[DATA FOR THE TASK]
+++++

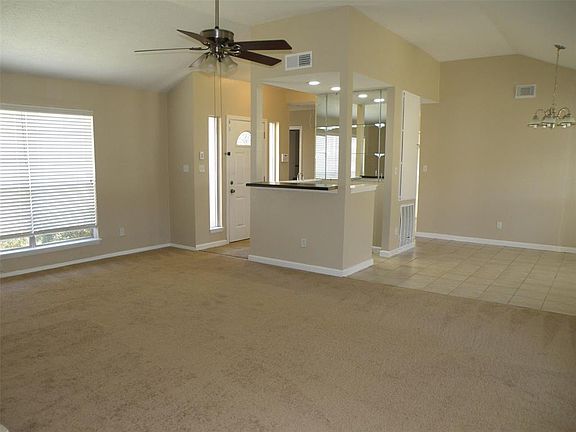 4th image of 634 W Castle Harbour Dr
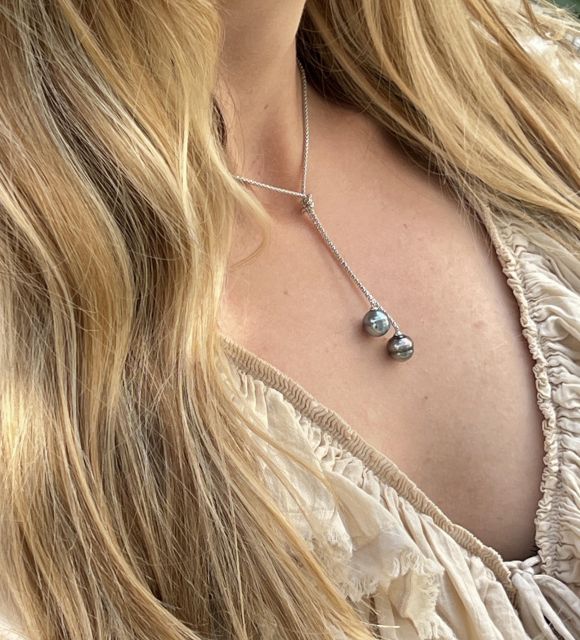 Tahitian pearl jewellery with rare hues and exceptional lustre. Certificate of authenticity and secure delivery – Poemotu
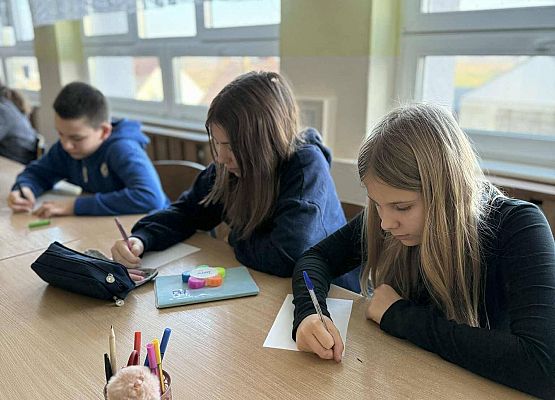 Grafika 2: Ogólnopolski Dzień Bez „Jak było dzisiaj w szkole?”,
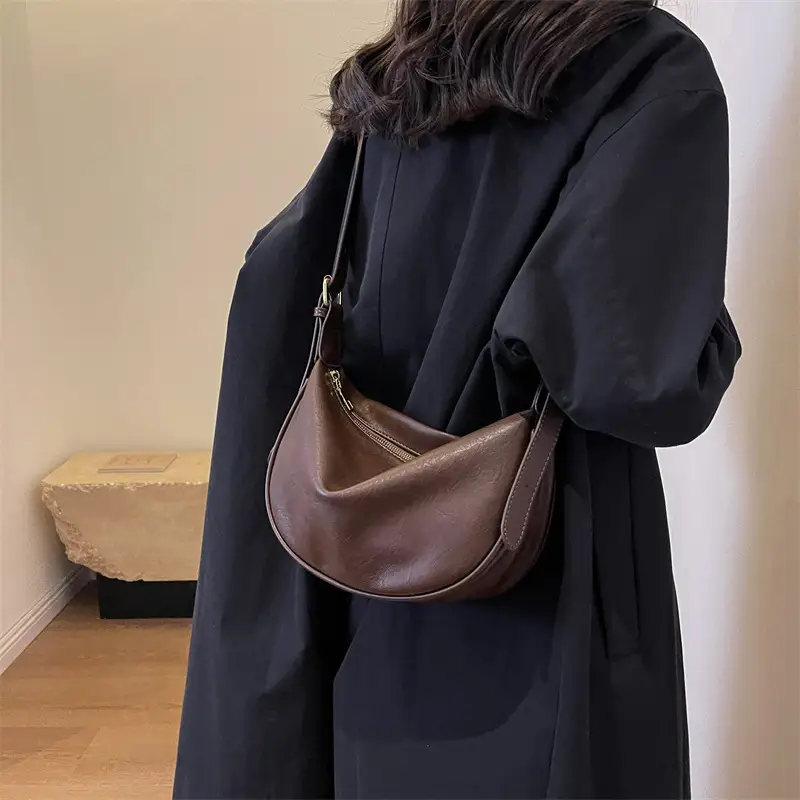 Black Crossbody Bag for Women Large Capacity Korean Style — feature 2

+++++

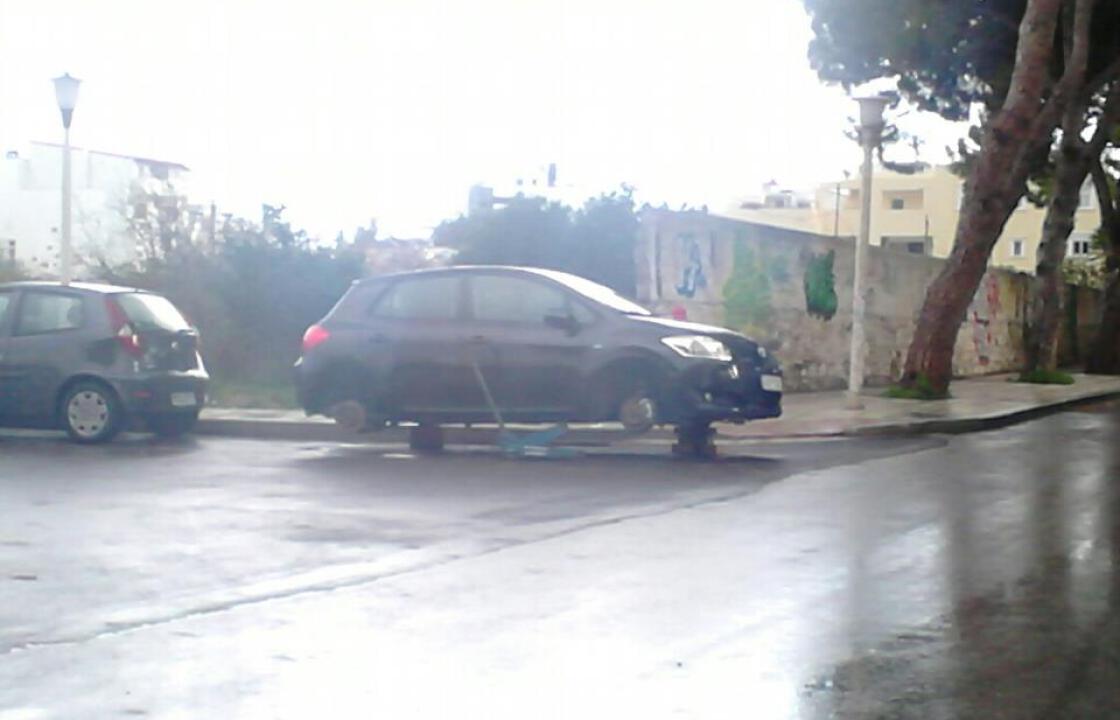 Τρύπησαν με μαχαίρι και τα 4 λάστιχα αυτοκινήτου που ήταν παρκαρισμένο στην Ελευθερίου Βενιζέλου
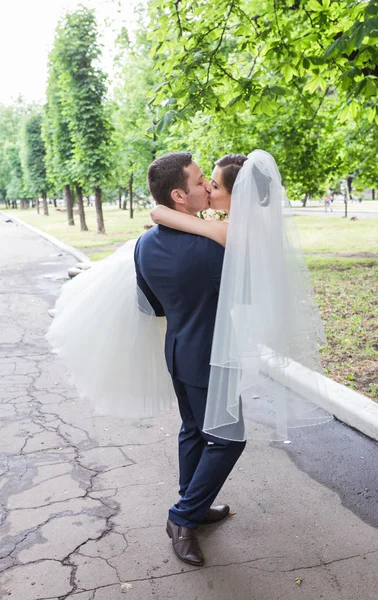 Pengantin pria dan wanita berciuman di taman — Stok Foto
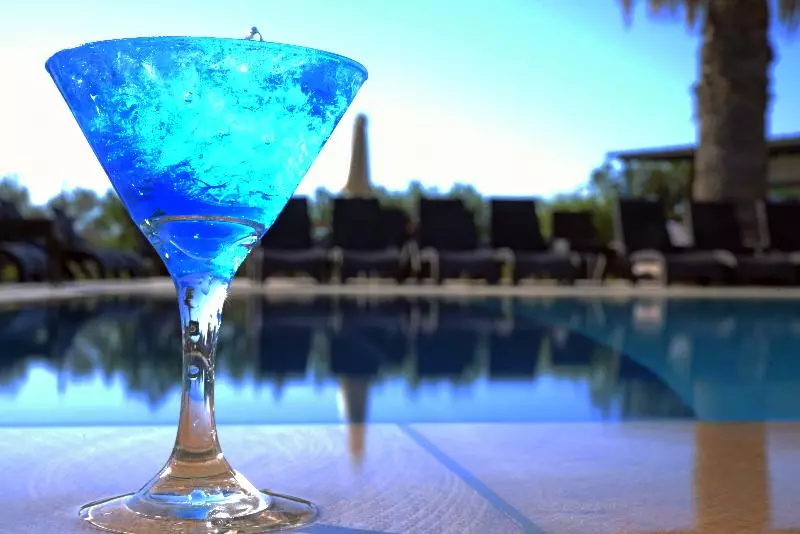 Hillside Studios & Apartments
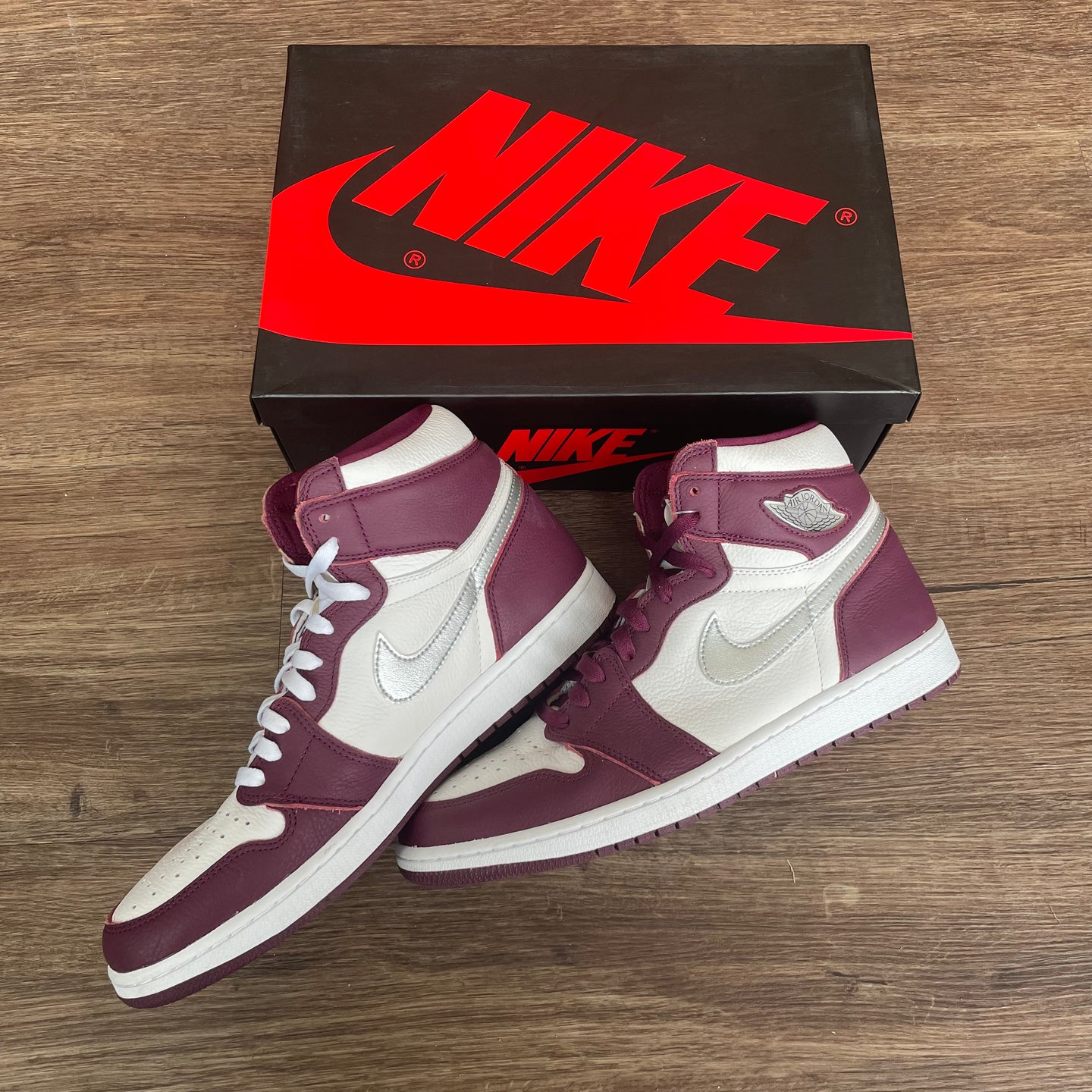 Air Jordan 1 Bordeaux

+++++

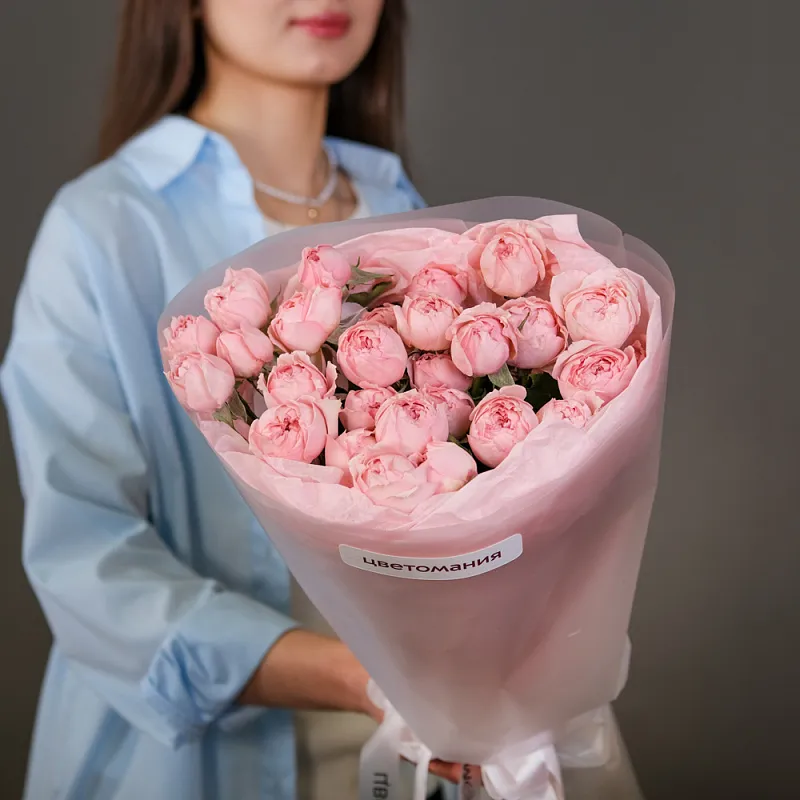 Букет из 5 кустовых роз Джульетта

+++++

[WHAT NEEDS TO BE DONE] What you return must match the lines above from the one with "Grafika 2: Ogólnopolski" through the one with "Black Crossbody Bag" exactly, with both ends included and the pictures excluded.

[TASK RESULT]
 Grafika 2: Ogólnopolski Dzień Bez „Jak było dzisiaj w szkole?”,
 Black Crossbody Bag for Women Large Capacity Korean Style — feature 2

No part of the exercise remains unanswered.